(Short descriptive text snippets)
==========

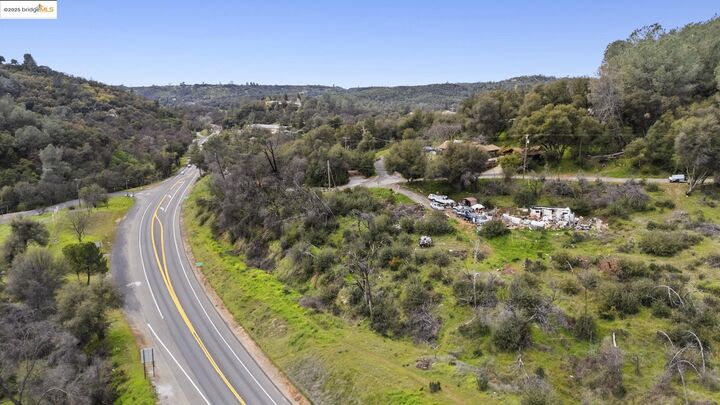 Property Photo: 11310 McKibbin Dr CA 95327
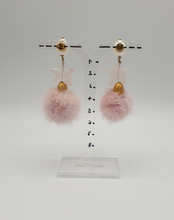 Lade das Bild in den Galerie-Viewer, Perlenohrstecker mit Achatsternen, goldenen Perlen und rosa Nerz
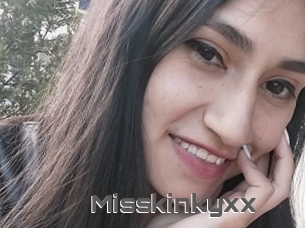 Misskinkyxx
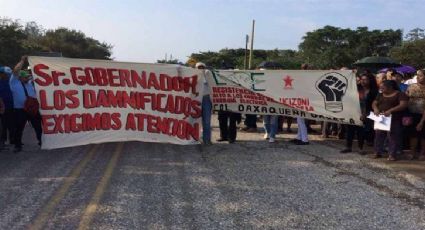 Bloquean carreteras y toman oficinas en Oaxaca; exigen respuesta del gobierno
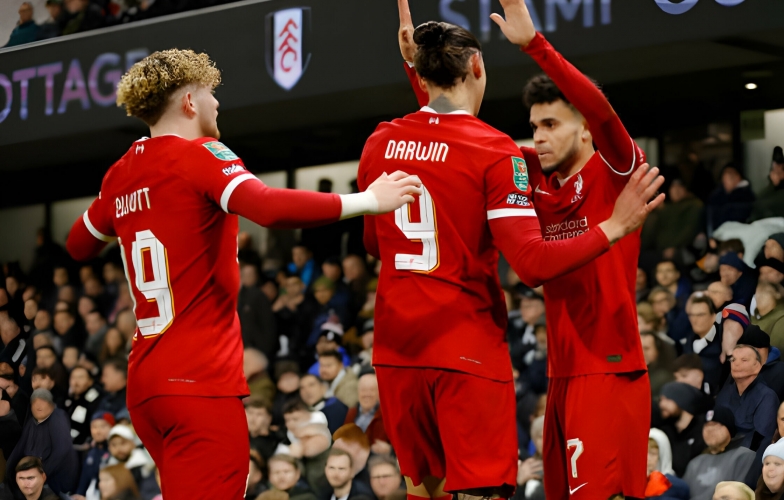 Liverpool làm nên lịch sử sau khi đoạt vé vào chung kết Carabao Cup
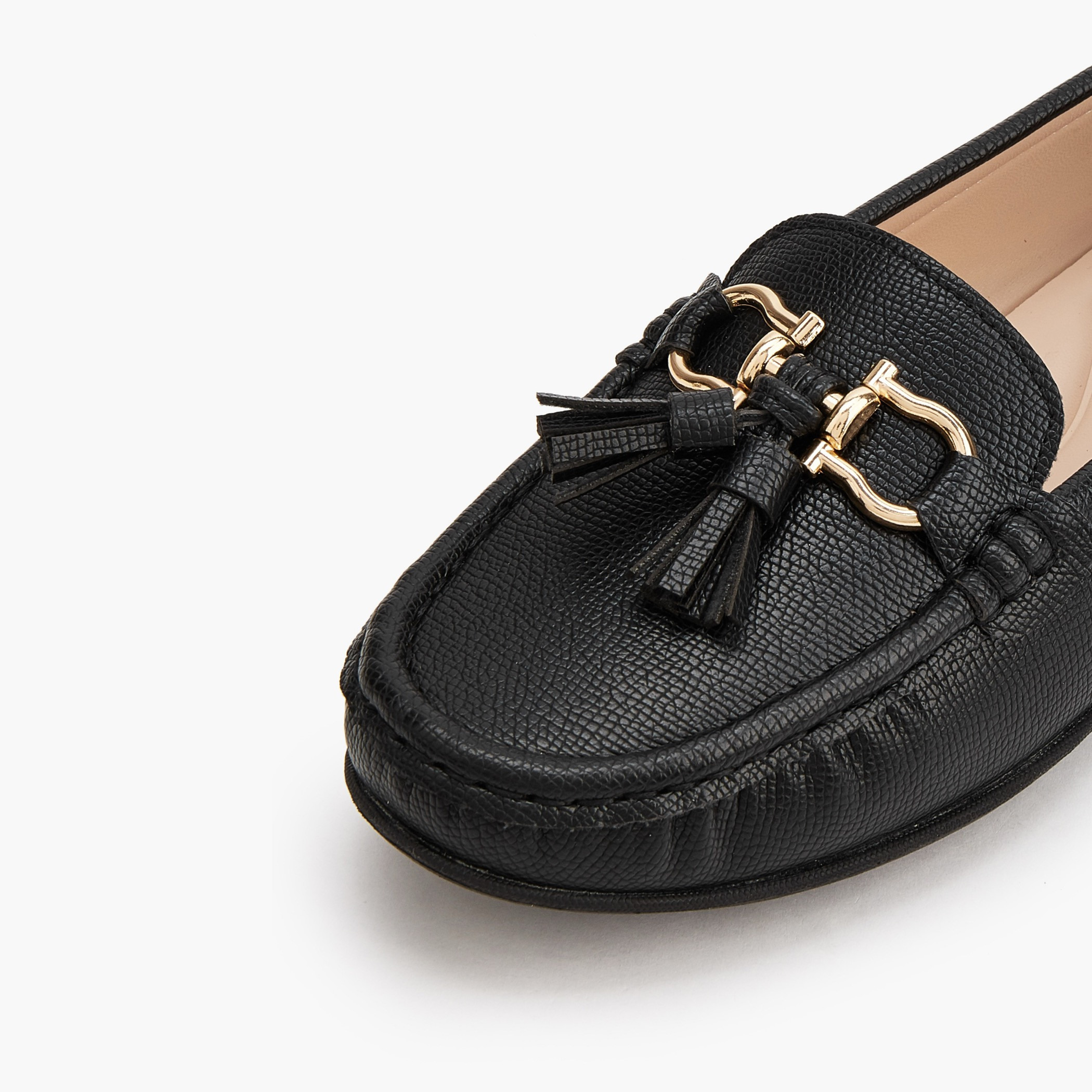 Le Confort Women Slip-On Loafers-women-shoes-loafersandmoccasins-image-5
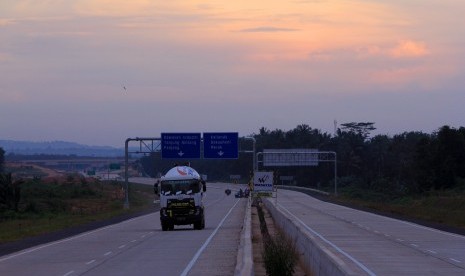 Kendaraan melintas di lokasi pembangunan Jalan Tol Trans Sumatera Seksi II Ruas Sidomulyo-Kota Baru di Desa Sabah Balau, Lampung Selatan, Lampung, Minggu (16/4). 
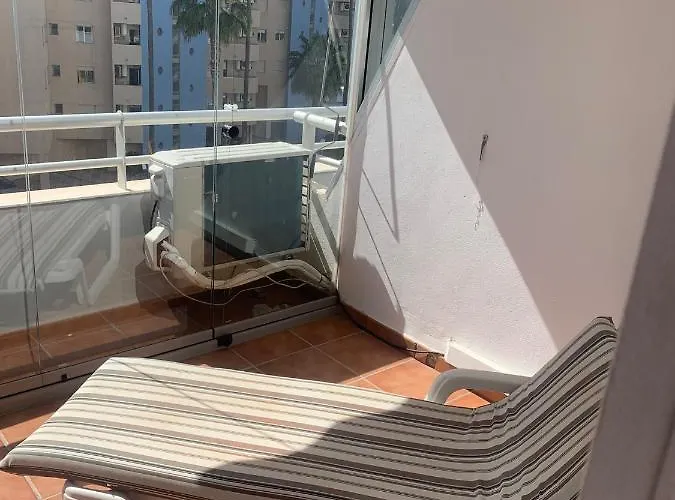 Service Lazaro - Edificio Aguamarina 24 * カルプ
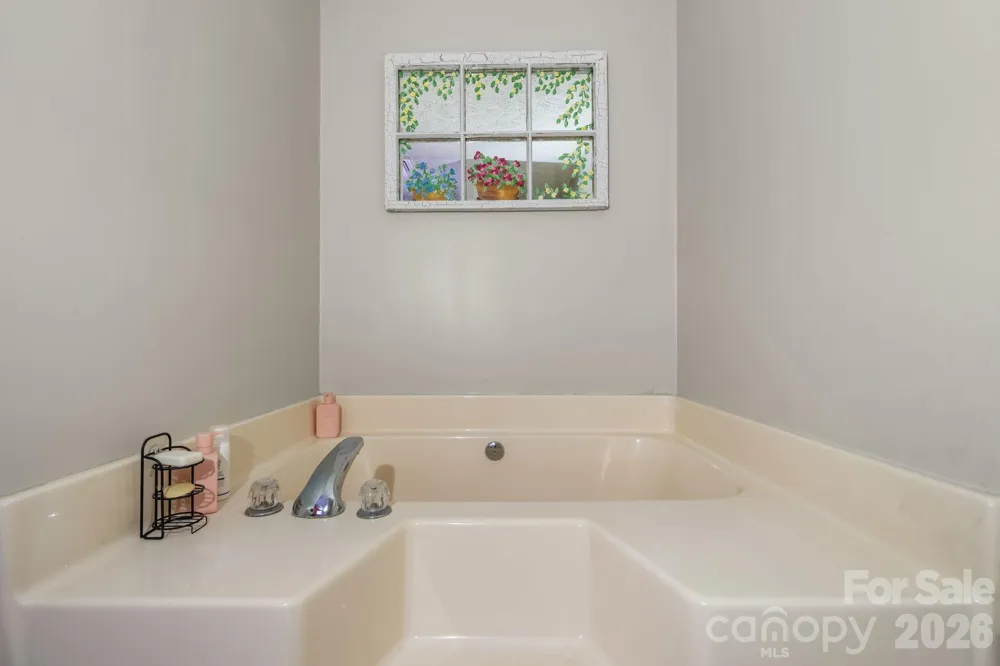 8791 Lisa Trail Connelly Springs, NC 28612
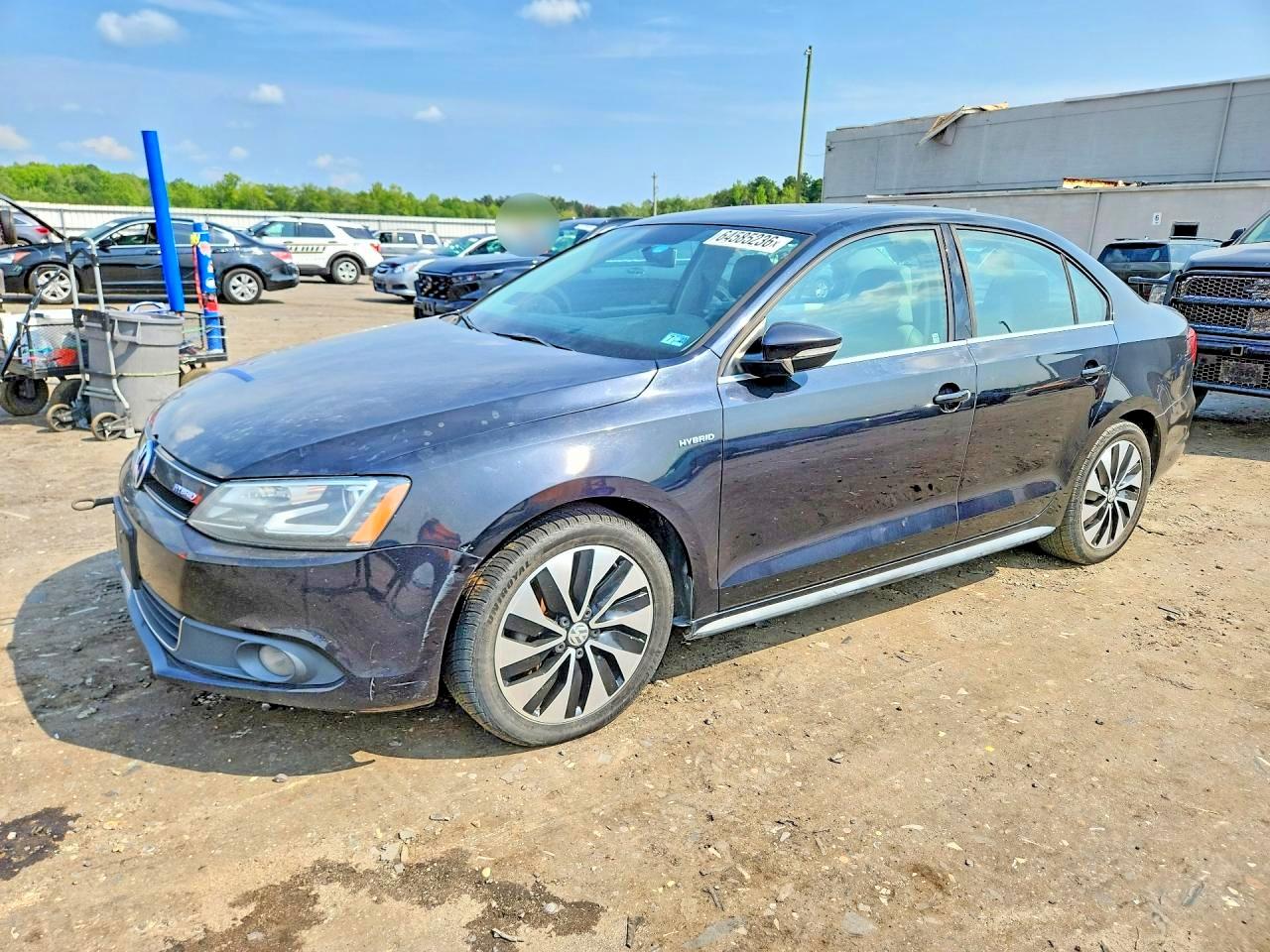 3VW637AJ2EM208609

==========

**PROBLEM**
Repeat all entries exactly. Skip the pictures.

**TASK RESPONSE**
 Property Photo: 11310 McKibbin Dr CA 95327
 Lade das Bild in den Galerie-Viewer, Perlenohrstecker mit Achatsternen, goldenen Perlen und rosa Nerz
 Misskinkyxx
 Bloquean carreteras y toman oficinas en Oaxaca; exigen respuesta del gobierno
 Liverpool làm nên lịch sử sau khi đoạt vé vào chung kết Carabao Cup
 Le Confort Women Slip-On Loafers-women-shoes-loafersandmoccasins-image-5
 Kendaraan melintas di lokasi pembangunan Jalan Tol Trans Sumatera Seksi II Ruas Sidomulyo-Kota Baru di Desa Sabah Balau, Lampung Selatan, Lampung, Minggu (16/4). 
 Service Lazaro - Edificio Aguamarina 24 * カルプ
 8791 Lisa Trail Connelly Springs, NC 28612
 3VW637AJ2EM208609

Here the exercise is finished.